Waar is God in moeilijke tijden? Als je buik zich spant als een veer en je vaak moet huilen? Als God niet doet wat jij wilt?

Ik wil mijn kleine leed niet vergelijken met alle ellende die Job – uit de Bijbel – mee moest maken, maar toch moet ik aan hem denken. Job zit ook in de problemen. Hij verliest alles, worstelt, en roept God ter verantwoording: ‘Waarom heeft u mij alles afgenomen?’ En wat doet God? Hij geeft een rondleiding. Een rondleiding in dat tweede boek. In Zijn schepping. ‘Job, waar was je toen ik dit maakte? En waar was je toen alles begon?’ Een beetje zoals in Psalm 104, misschien wel inclusief het zeemonster. En aan het einde van de rondleiding komt de crux, en vraagt God: ‘Zo Job, had je nog vragen?’

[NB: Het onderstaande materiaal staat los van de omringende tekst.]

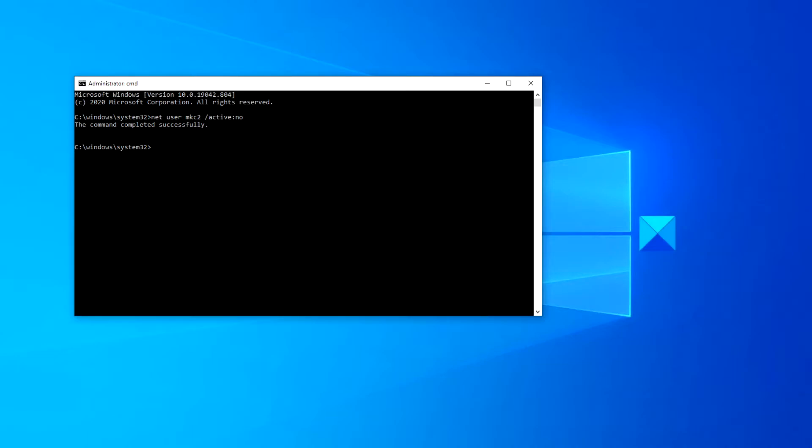If you wanted to enable a user, you would then type in net user the username space slash active colon yes, and hit enter.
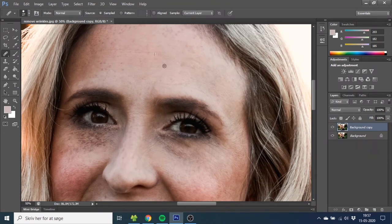If you make a mistake like this, you just hold down Control+Z to delete the last step you did. Just sample again and brush over the wrinkle like this.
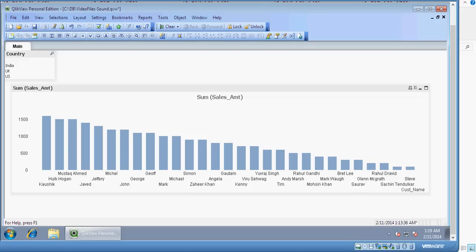Welcome to another video of ClickView presented by Bharti DW consultancy services. In this video we are going to see how to create a variable based slider which can interact with a chart.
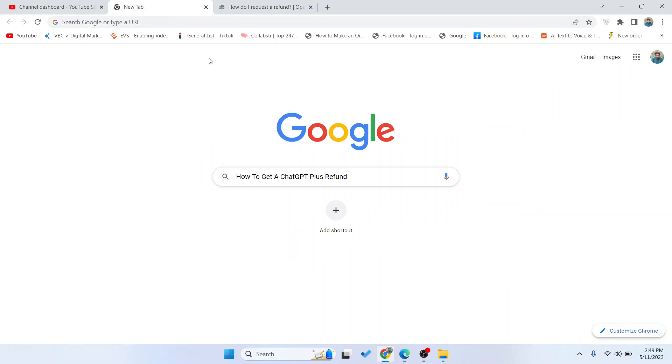So this is the process by which you can request a refund for ChatGPT. So I hope you find this video helpful.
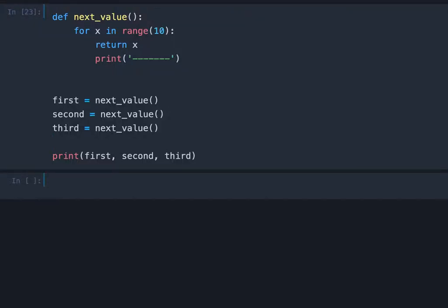Hi, welcome to this video. In this video, we want to understand the difference between the return keyword and the yield keyword.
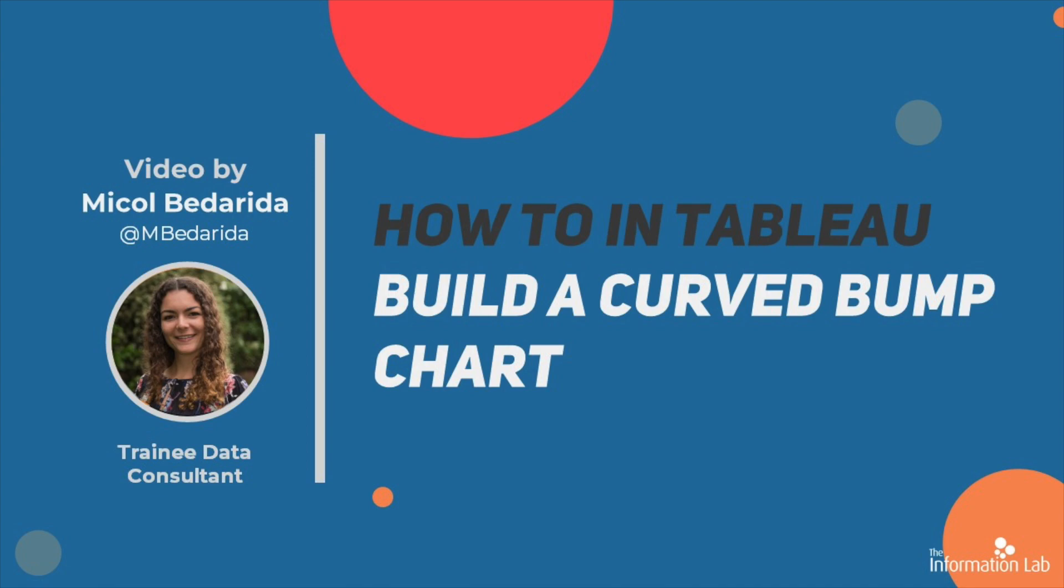Hi, I'm Mikol from DataSchool Cohort 20. In this video, I'm going to show you how to make a curved bump chart.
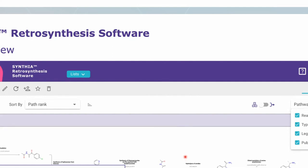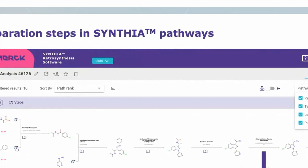Additional possibilities that Cynthia offers include downloading the pathway in PDF format and sharing the pathway with other Cynthia users. One of the very new algorithms recently added is an advanced algorithm that predicts chiral separation steps on the pathways. Cynthia identifies structural motifs that can be separated and includes such steps in the predicted routes.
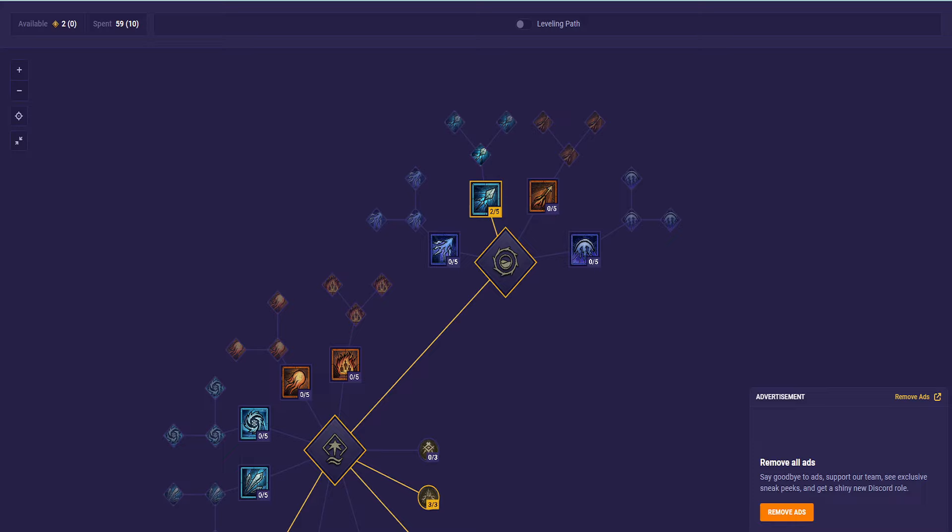Alright, what up guys? We are on class number 4, build number 5 for the PTR build guides. PTR comes out in like 4 days, I think.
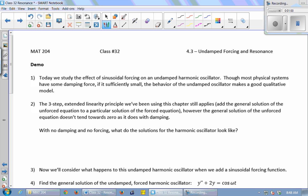So today we're going to study the effect of sinusoidal forcing on an undamped harmonic oscillator. We've already studied sinusoidal forcing on the damped harmonic oscillator. Today we're going to take away the damping coefficient and see what happens when we apply sinusoidal forcing.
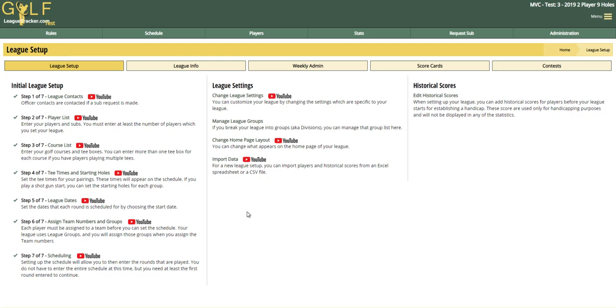Hey everybody, Bob Arity here. In this video I'm going to show you how to configure your league for multiple segments. Many leagues run two halves or have two halves and a playoff round. In Golf League Tracker you can have as many as four segments, and segment points automatically get reset by the system when a new segment begins. You don't have to do anything else.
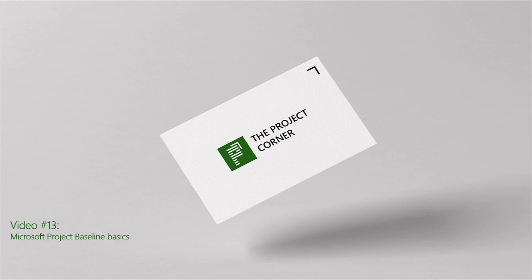Hi everyone, welcome to the Project Corner. Today I would like to talk about baselines.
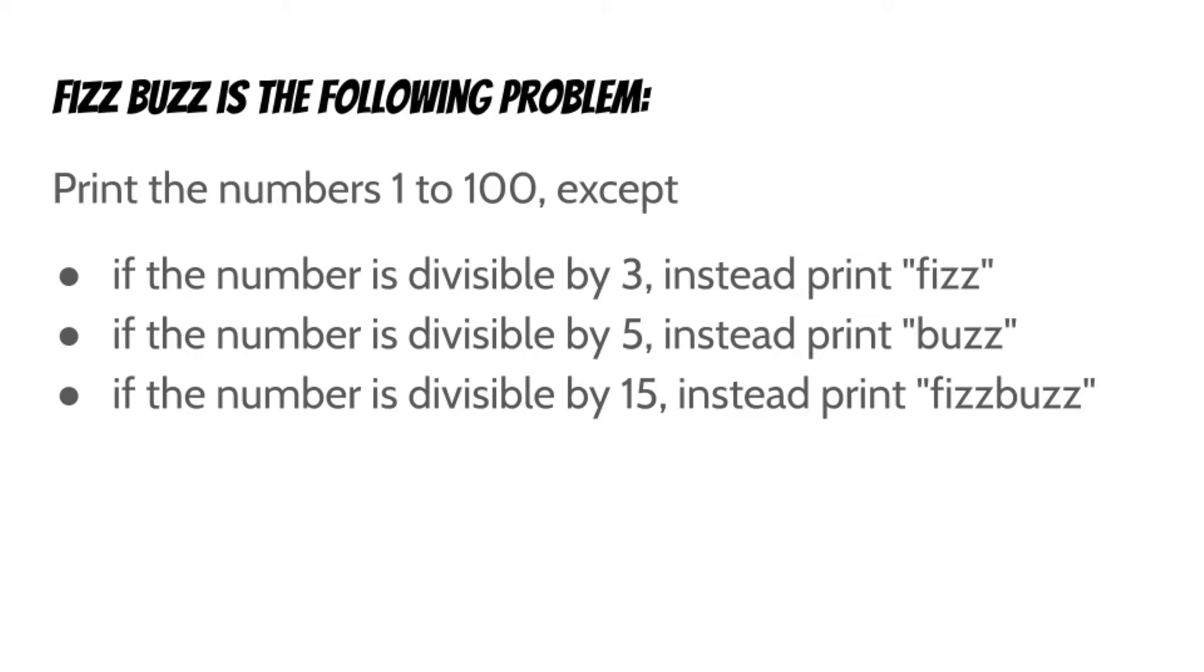Now you may be wondering to yourself, how could someone get 10 essays worth of material out of this one simple problem? Well, stay tuned.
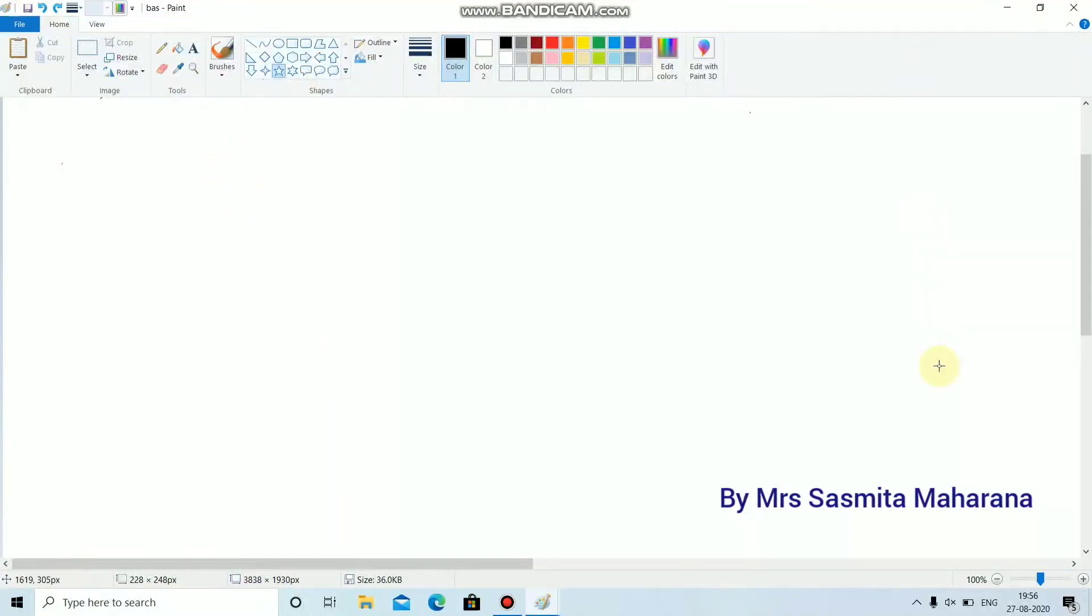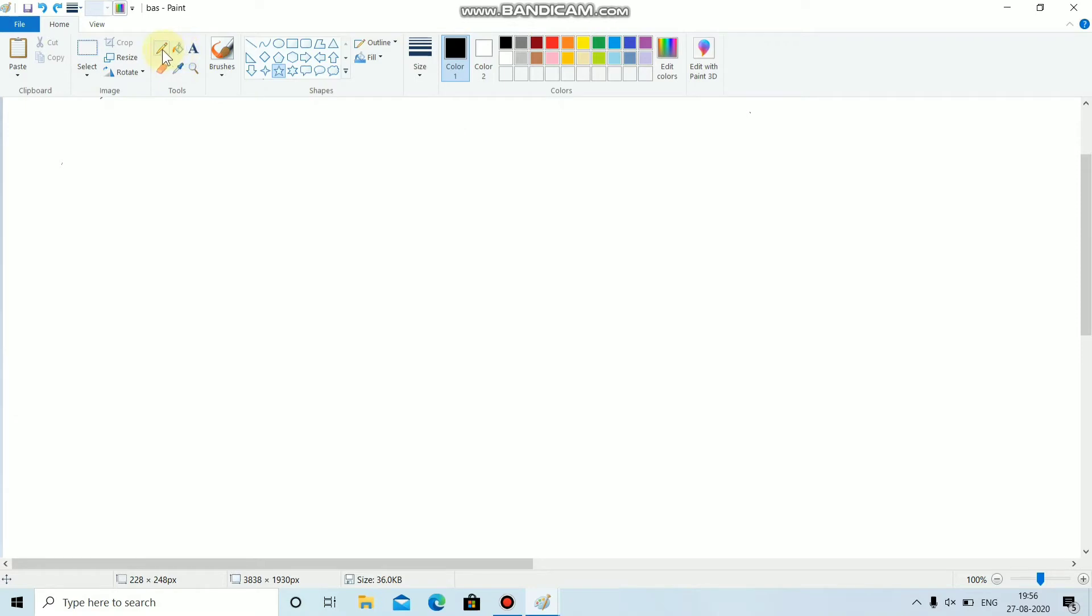Good morning children. This is paint window. Let's revise some basic tools of paint. This is pencil tool which is used to draw and write.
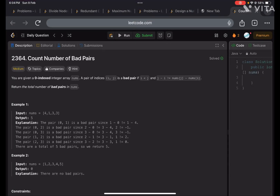Hey guys, welcome or welcome back to my YouTube channel. I hope you guys are doing great. Today we are solving another problem in the February LeetCode challenge — the problem is Count Number of Bad Pairs.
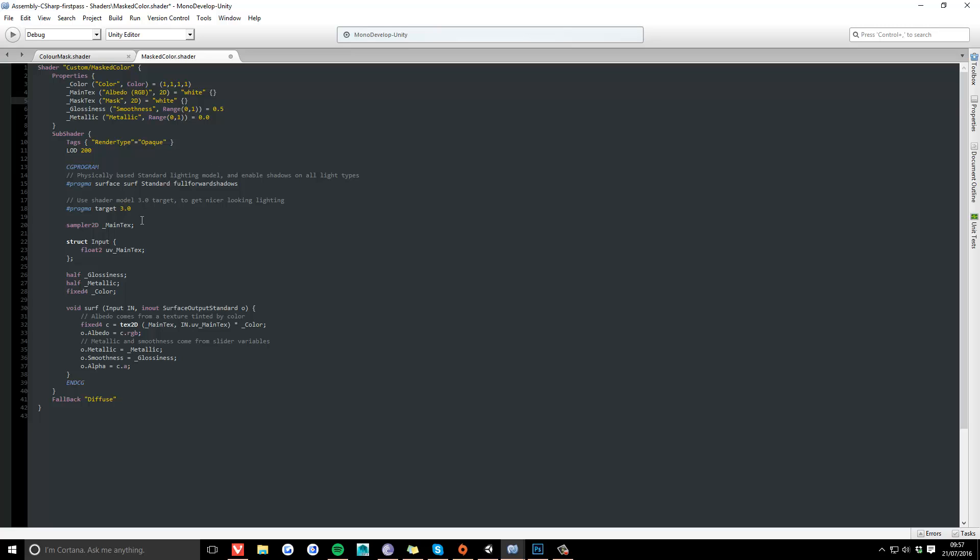Second, we declare it here in the subshader, then here, and finally declare it down here as well.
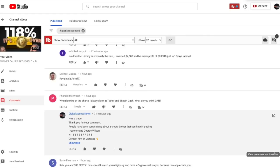Hey everybody, before we start the show, I need to go over a couple of things. First of all, the bigger that we get on this channel, the more spammers and different unscrupulous people like to drop in and do all their shenanigans. So I'm going to show you what to expect and how to get rid of them as much as possible.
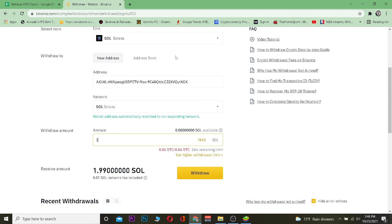Once you click Withdraw, the amount of Solana you entered will be transferred from your Binance into your Trust Wallet. Keep in mind that a small amount of Solana will be taken as a gas fee, which is basically a transaction fee. And that's how you transfer Solana from Binance to Trust Wallet.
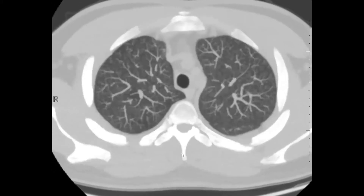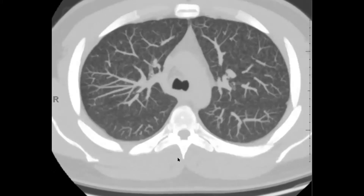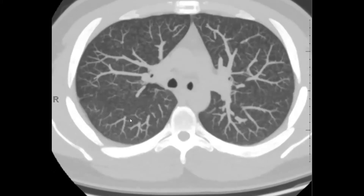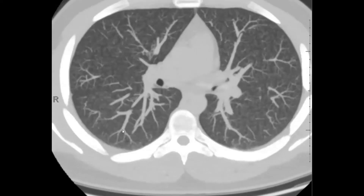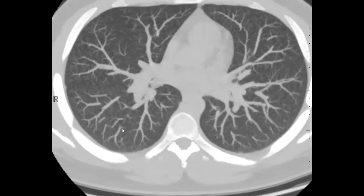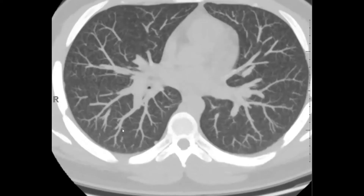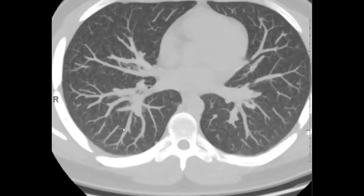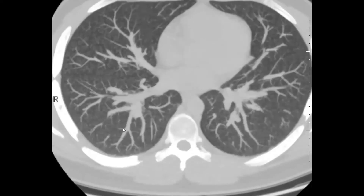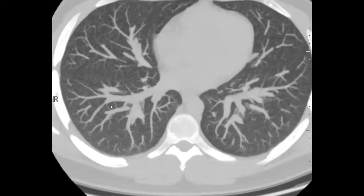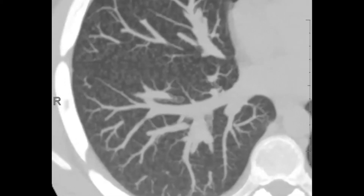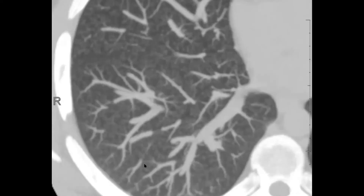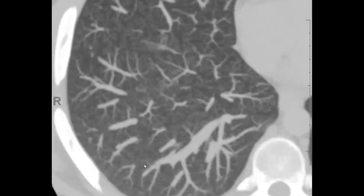These are MIP images — maximum intensity projection images — which show this subtle but profuse branching nodularity throughout the lungs. It's a very fine nodularity, but it's clearly there. It has this branching morphology that we expect in tree-and-bud patterns. Let's look again in the right lower lobe. Very, very fine.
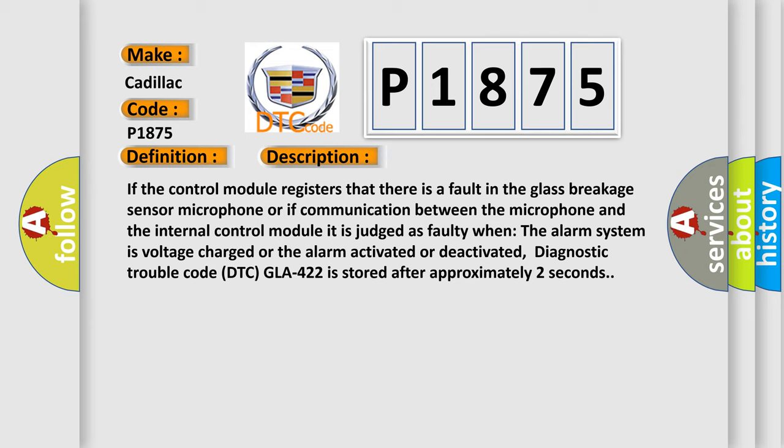If the control module registers that there is a fault in the glass breakage sensor microphone or if communication between the microphone and the internal control module, it is judged as faulty when the alarm system is voltage charged or the alarm activated or deactivated.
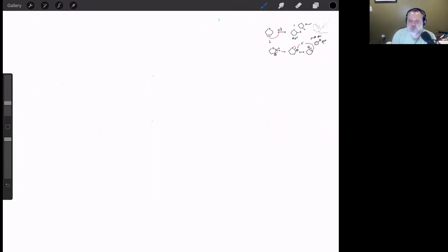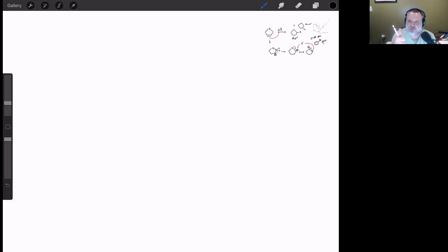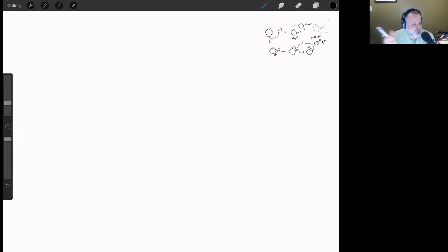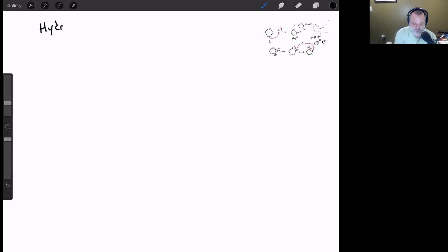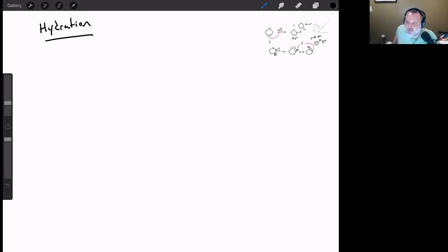Summary so far: we've learned two reactions. Reaction 1 is addition of HX — Markovnikov regioselectivity, racemic stereochemistry. Reaction 2 is addition of HX in the presence of peroxide — anti-Markovnikov addition of the halogen.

Dat is God. Geen wegenwacht. Niet iemand die mij fixt als ik stuk ben. Dat zou redelijk dunnetjes zijn. God blijkt veel groter dan mijn persoonlijk leven. God is wel even wat meer. Wel even wat anders. ‘Theo, had jij nog vragen aan mij?’ Eerlijk gezegd niet. Misschien volgende week weer. Maar nu is alles even anders. God bevrijdt, en het is maar 10 minuten lopen.

Theo Vreugdenhil is pastor van een interculturele buurtkerk in Nieuwegein. Pionier, dominee of priester mag ook. Daarnaast is hij ondernemer in de installatie van zonnepanelen en heeft hij een sociale coöperatie opgezet, waar hij bedrijfjes start met vluchtelingen.